Short text fragments from websites
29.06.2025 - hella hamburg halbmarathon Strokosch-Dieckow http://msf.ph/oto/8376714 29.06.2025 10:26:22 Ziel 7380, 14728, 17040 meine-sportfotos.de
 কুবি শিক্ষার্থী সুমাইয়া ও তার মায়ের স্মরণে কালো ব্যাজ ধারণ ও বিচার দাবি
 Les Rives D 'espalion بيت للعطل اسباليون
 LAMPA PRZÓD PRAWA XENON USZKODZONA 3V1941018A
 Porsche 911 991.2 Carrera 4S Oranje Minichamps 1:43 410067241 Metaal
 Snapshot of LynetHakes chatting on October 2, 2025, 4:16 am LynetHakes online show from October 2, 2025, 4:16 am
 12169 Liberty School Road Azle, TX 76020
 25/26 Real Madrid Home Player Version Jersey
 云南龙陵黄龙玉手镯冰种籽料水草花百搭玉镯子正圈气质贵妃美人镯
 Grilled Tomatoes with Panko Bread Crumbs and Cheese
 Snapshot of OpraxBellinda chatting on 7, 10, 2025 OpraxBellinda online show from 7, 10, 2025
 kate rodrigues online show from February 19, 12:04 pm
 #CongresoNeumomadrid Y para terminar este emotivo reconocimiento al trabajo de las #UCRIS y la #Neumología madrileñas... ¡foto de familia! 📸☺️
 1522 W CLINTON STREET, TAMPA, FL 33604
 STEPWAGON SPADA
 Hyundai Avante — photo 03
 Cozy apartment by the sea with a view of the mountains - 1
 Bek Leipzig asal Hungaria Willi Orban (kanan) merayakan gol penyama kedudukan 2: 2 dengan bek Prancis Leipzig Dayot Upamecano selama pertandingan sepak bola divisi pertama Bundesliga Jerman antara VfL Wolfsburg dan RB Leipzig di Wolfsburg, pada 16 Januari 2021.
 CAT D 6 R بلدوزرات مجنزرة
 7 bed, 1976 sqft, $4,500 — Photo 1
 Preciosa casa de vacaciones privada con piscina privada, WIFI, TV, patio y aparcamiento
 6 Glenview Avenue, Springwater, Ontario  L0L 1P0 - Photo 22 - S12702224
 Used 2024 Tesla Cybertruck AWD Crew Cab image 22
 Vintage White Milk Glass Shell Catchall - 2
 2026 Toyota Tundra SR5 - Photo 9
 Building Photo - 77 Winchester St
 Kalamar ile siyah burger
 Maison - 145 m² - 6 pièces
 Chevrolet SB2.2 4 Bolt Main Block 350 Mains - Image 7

*Description of the task*: Return exactly the lines from the one containing "Vintage White Milk Glass Shell Catchall - 2" through the last line of the records above, both included, and nothing else.

*Task response*:
 Vintage White Milk Glass Shell Catchall - 2
 2026 Toyota Tundra SR5 - Photo 9
 Building Photo - 77 Winchester St
 Kalamar ile siyah burger
 Maison - 145 m² - 6 pièces
 Chevrolet SB2.2 4 Bolt Main Block 350 Mains - Image 7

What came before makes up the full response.